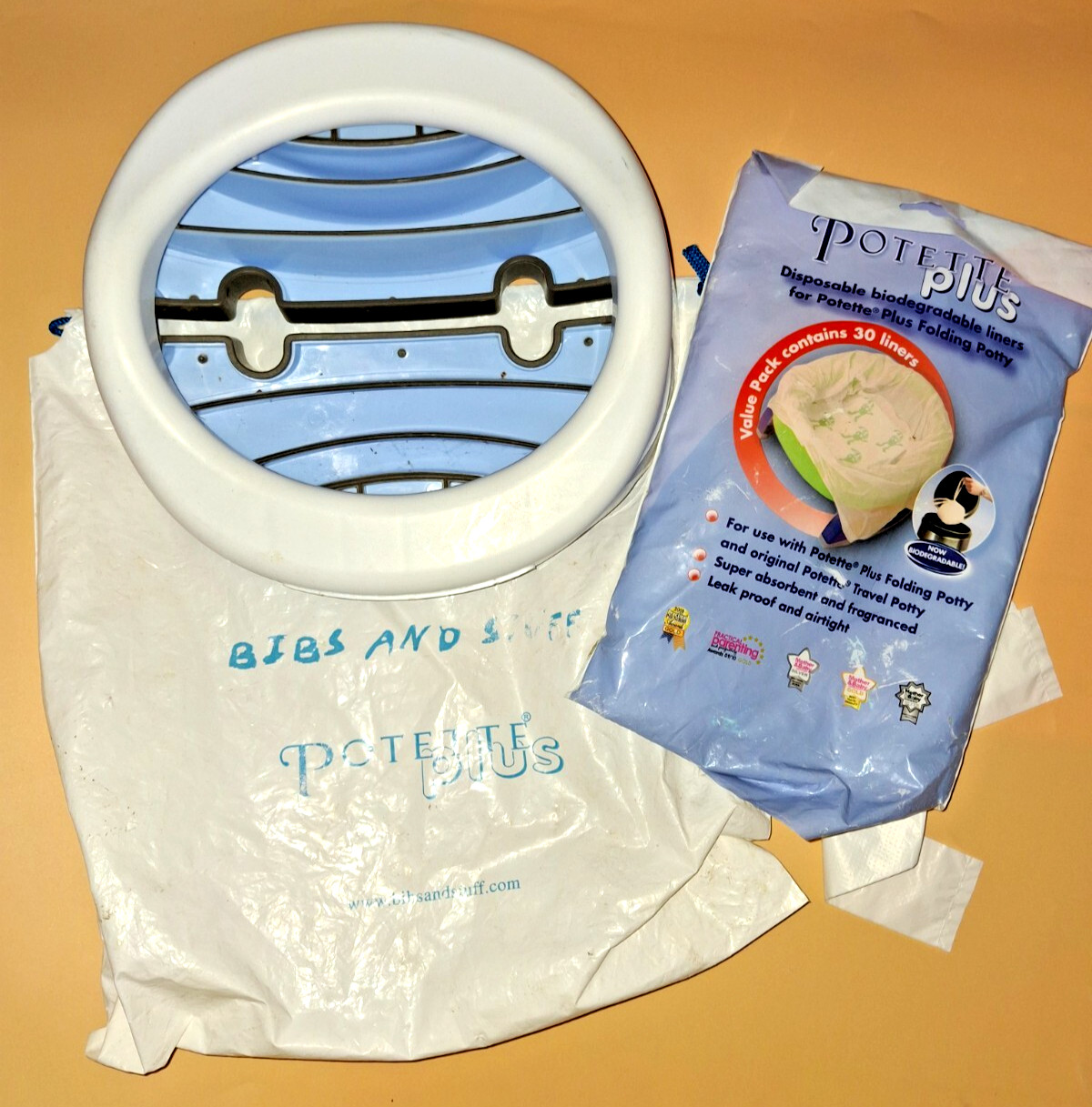 Potette Plus 2 in 1 tragbares Töpfchen in blau & marine mit Einlagen & Reisetasche
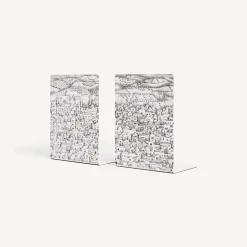Bookends<Fornasetti Bookends Gerusalemme White/Black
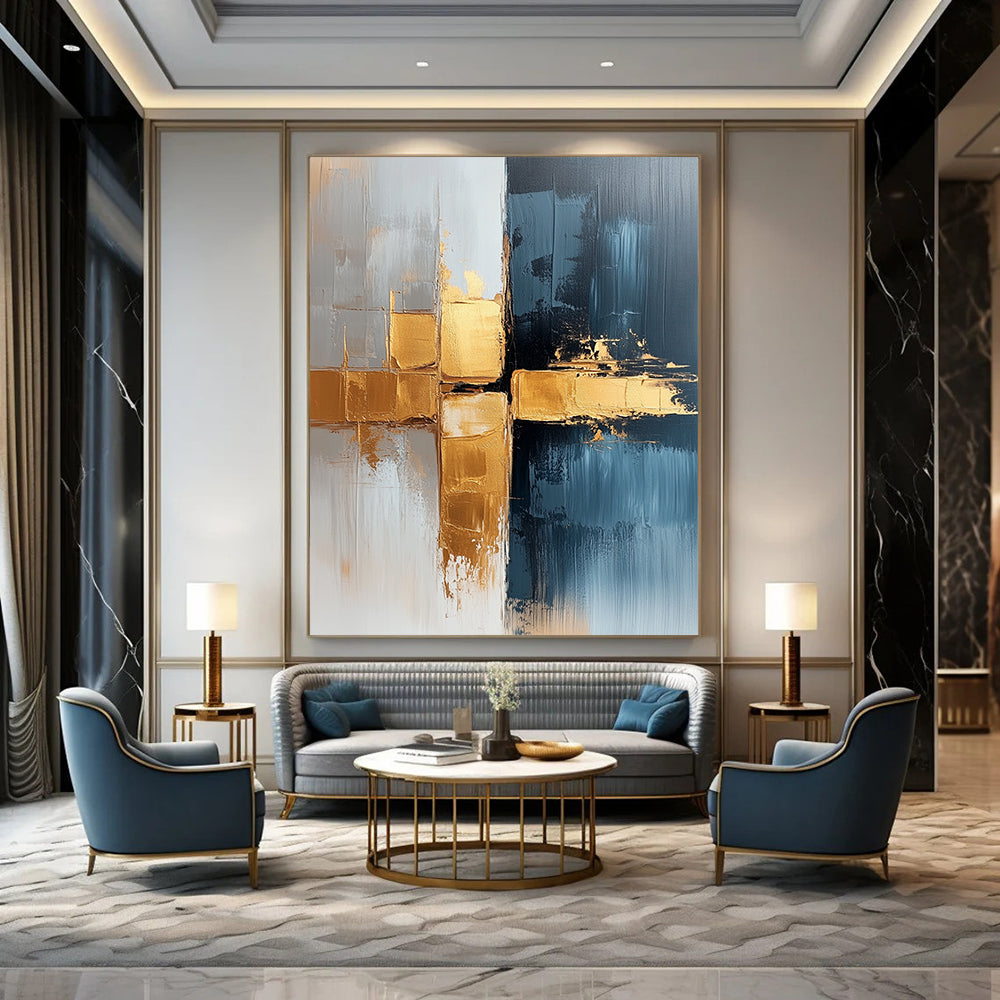 Contemporary hand-painted abstract art featuring a luxurious blend of white and gold tones with gray-blue gradients and striking brushstrokes for a unique visual experience. DLZ0778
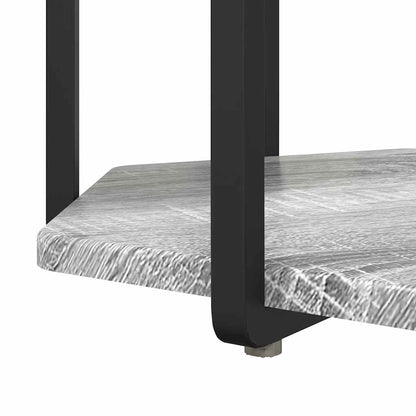 Beistelltisch-Set mit Regal 2 pcs Grau Sonoma und Schwarz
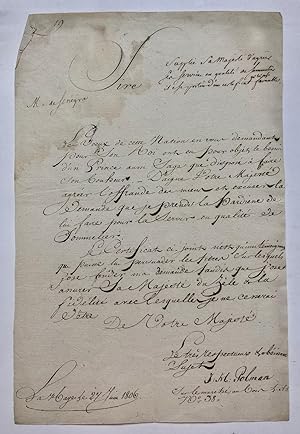 [Manuscript, Letter, Sommelier POLMAN 1806] Request van J.M(?) Polman, d.d. Gravenhage 27-6-1806,...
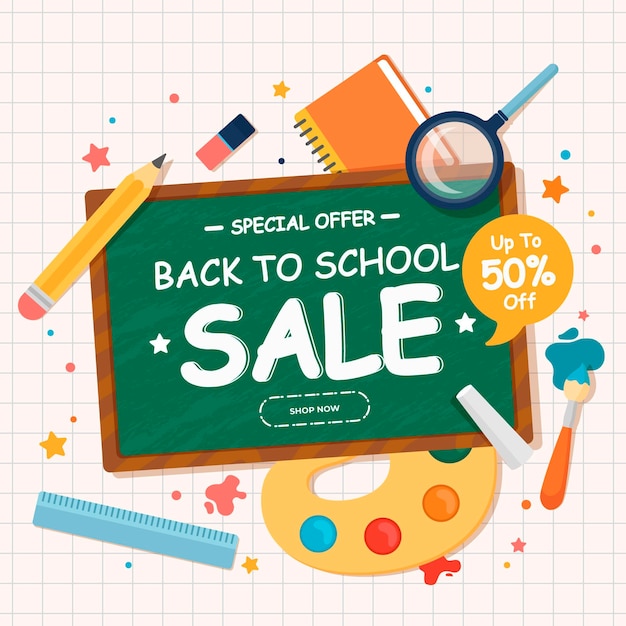 Flat design back to school sales banner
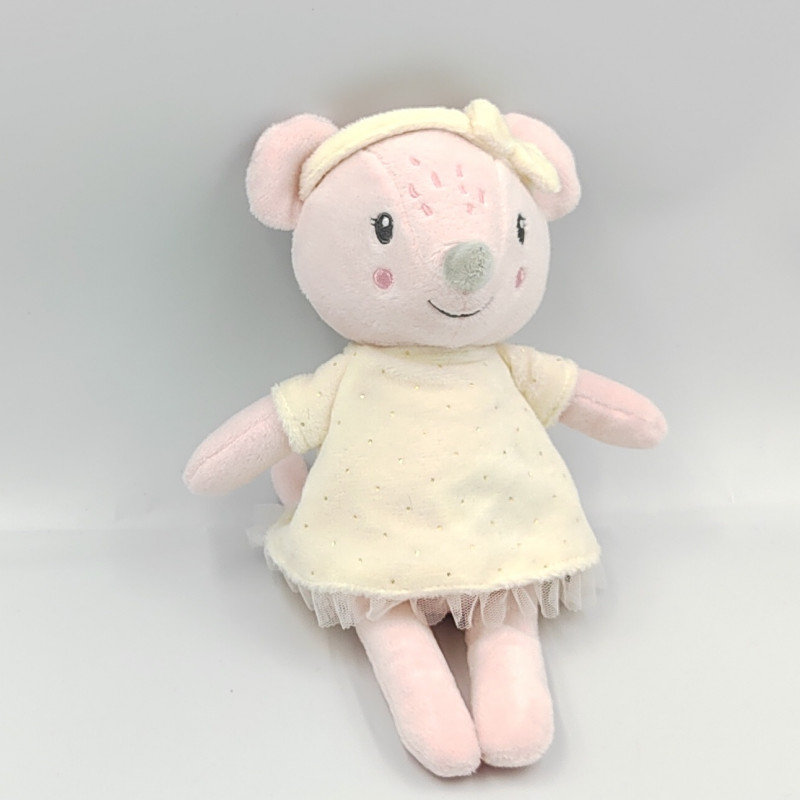 Doudou souris rose blanche pois MOTS D'ENFANTS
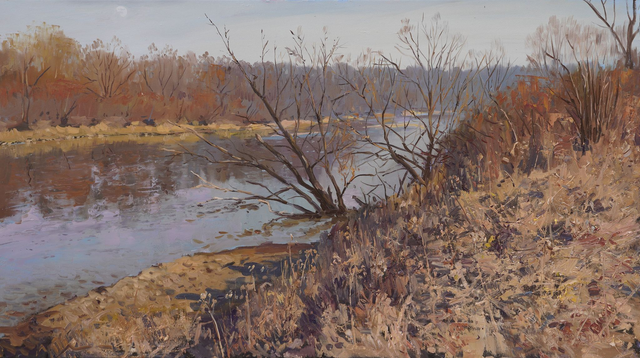 Pejzaż z księżycem 60x110 olej płótno 2025 oprawiony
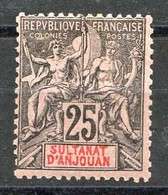 ANJOUAN -- N° 8 * NEUF Ch. Cote 20 € - Unused Stamps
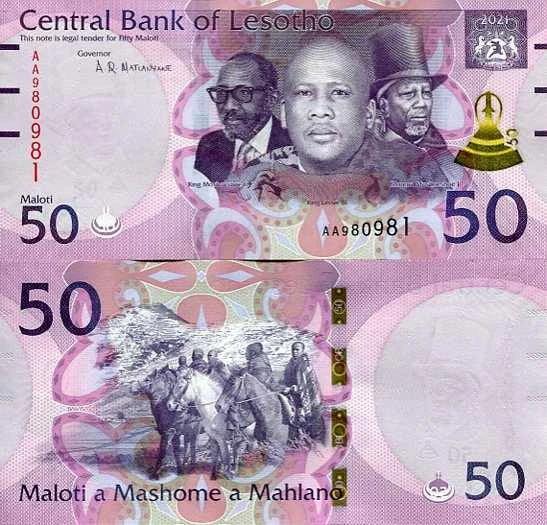 Lesotho 50 Maloti 2021 r. UNC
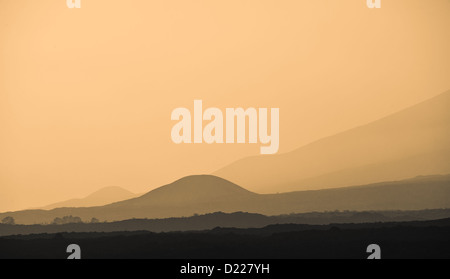 Receding foothills of Mauna Loa on the Big Island of Hawaii. Stock Photo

━━━━━━

Leave out the pictures, and write out exactly the lines from the line containing "Beistelltisch-Set mit Regal" through the end of the records above.

 Beistelltisch-Set mit Regal 2 pcs Grau Sonoma und Schwarz
 [Manuscript, Letter, Sommelier POLMAN 1806] Request van J.M(?) Polman, d.d. Gravenhage 27-6-1806,...
 Flat design back to school sales banner
 Doudou souris rose blanche pois MOTS D'ENFANTS
 Pejzaż z księżycem 60x110 olej płótno 2025 oprawiony
 ANJOUAN -- N° 8 * NEUF Ch. Cote 20 € - Unused Stamps
 Lesotho 50 Maloti 2021 r. UNC
 Receding foothills of Mauna Loa on the Big Island of Hawaii. Stock Photo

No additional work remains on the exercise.